When made without mayonnaise, cole slaw is a very low-calorie food, and cabbage is an antioxidant-packed cruciferous vegetable. That’s what you’ll find in the Asian-style slaw recipe below.
Today’s tip also highlights a relatively unfamiliar ingredient to Americans, fish sauce. But first:
WHAT’S A SLAW & WHY IS IT “COLE?”
Long a part of the culinary repertoire, “koolsla,” short for “koolsalade,” means cabbage salad in Dutch; Dutch travelers to the New World made the dish with local cabbage. Instead of being torn into bite-size pieces like lettuce salad, the cabbage was thinly sliced or shredded.
Cabbage, the “kool,” is pronounced “cole.” “Sla” is short for “salade.” The term got anglicized in the 18th century as cole slaw (and sometimes, cold slaw).
In English, “slaw” came to specify a salad of shredded vegetables. Over time, shredded cabbage slaw was joined by carrot slaw and more recently, broccoli slaw and shaved Brussels sprouts slaw.
WHAT IS FISH SAUCE?
Called nam pla in Thai and nuoc mam (“salted fish water”) in Vietnamese, fish sauce is an amber-hued condiment prepared from fermented anchovies and salt.
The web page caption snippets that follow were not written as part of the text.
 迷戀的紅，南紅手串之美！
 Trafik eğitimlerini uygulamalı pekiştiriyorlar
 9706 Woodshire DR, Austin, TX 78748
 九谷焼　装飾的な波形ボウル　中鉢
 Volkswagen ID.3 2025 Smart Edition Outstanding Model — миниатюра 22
An umami flavor lauded as “the fifth taste” after sweet, sour, bitter, and salty, fish sauce is a major ingredient and condiment in Thai and Vietnamese cuisine.
Numerous brands are imported to the U.S., including Red Boat Fish Sauce.
Umami, The Fifth Taste
Fish sauce provides a flavor known as umami, often explained as savory or brothy.
We consume “umami foods” every day: anchovy paste, asparagus, beef stew, bouillon, cured ham, ketchup, lamb shank, miso sauce and soup, MSG, mushrooms, Parmesan cheese, ripe and sun-dried tomatoes, soy sauce, steak sauce and Worcestershire sauce, among others.
European Garum & Colatura Di Alici
Umami and fish sauce are also part of Western culture. Beginning in Greece and appearing in nearly every ancient Roman recipe as early as the 7th and 8th centuries B.C.E., garum, a fermented fish sauce, was the universal condiment used to add flavor to food.
As ketchup (and more lately, hot sauce) is to American fare, as soy sauce is to Chinese cuisine, the favorite condiment in ancient Rome was garum, an anchovy sauce. It involved into colatura di alici, juice of anchovies, still popular in Italy. It’s also called anchovy sauce or anchovy syrup; the latter is inaccurate, as a syrup is a thick, viscous liquid.
As strange as “anchovy juice” may sound, colatura is an aromatic condiment that enhances any dish, adding flavor without fuss.